A disaster can be any event that puts your applications at risk, from network outages to equipment failures to natural disasters. A well architected disaster recovery (DR) plan enables you to recover quickly from disasters and continue to provide services to your users.
Oracle Cloud Infrastructure provides highly available, secure, and scalable infrastructure and services that enable you recover your cloud workloads quickly, reliably, and securely.
The first step in planning for DR involves determining the recovery time objective (RTO) and recovery point objective (RPO).
The RTO is the target time within which a given application must be restored after a disaster occurs. Typically, the more critical the applications, the lower the RTO.
The RPO is the period after a disaster occurs for which the application can tolerate lost data before the disaster begins to affect the business.
To build a plan that guarantees the recovery of your applications after a disaster and is cost effective, you must consider both the target time to recover and the tolerance for data loss.

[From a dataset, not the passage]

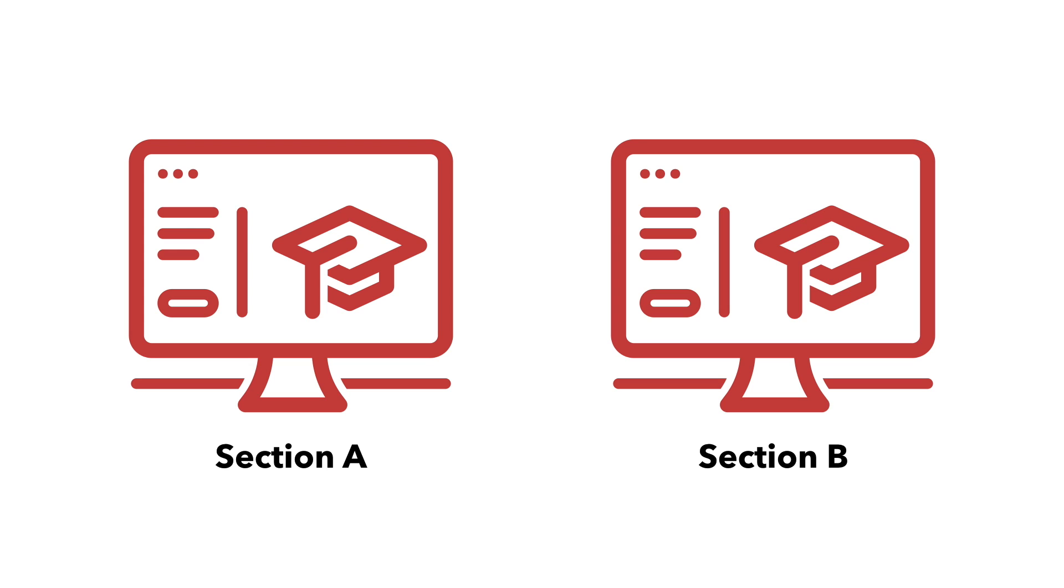By the end of this video, you will be able to set up a meta link between two or more courses. If you'd like to use one Moodle course site for different sections of the same course, meta linking is one option you should explore.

Planning for DR requires a thorough understanding of all the possible scenarios that can cause disasters.
- Application Failure
An application can fail Network Failure of failures in the underlying infrastructure or issues related to changes in software or hardware configuration. It’s important to include monitoring capability in your DR solution design so that application failures are detected and alerts are sent. Depending on your requirements, your DR solution can range from simply backing up application data and configurations to a fully active-to-active failover setup that seamlessly mitigates many types of failures.
- Network Failure
For DR, consider potential network outages in your cloud environment. For example, if you use an IPSec VPN connection to connect your on-premise data centers to Oracle Cloud, the IPSec VPN connection could experience network performance or outage issues. We recommend setting up multiple IPSec VPN connections or using both FastConnect and IPSec VPN connections so that you have sufficient redundancy for your network connections.
- Data Center Failure
An unexpected event could affect an entire data center (availability domain). In your DR solution design, plan for this kind of failure. If your region has multiple availability domains, we recommend deploying your applications across the availability domains to accommodate potential issues for a particular data center. If your region has only one availability domain, consider a combination of multiple fault domains and multiple-region configurations, as defined in the recommendations for a region failure.
- Region Failure
A natural disaster could cause an entire Oracle Cloud Infrastructure region to be out of service. This scenario could be one of the most severe cases in your DR design. To protect against this scenario, deploy your workloads across multiple Oracle Cloud Infrastructure regions. Depending on your DR goals (RTO and RPO), you can back up or replicate your data to another region, or set up a fully active-to-active standby in another region.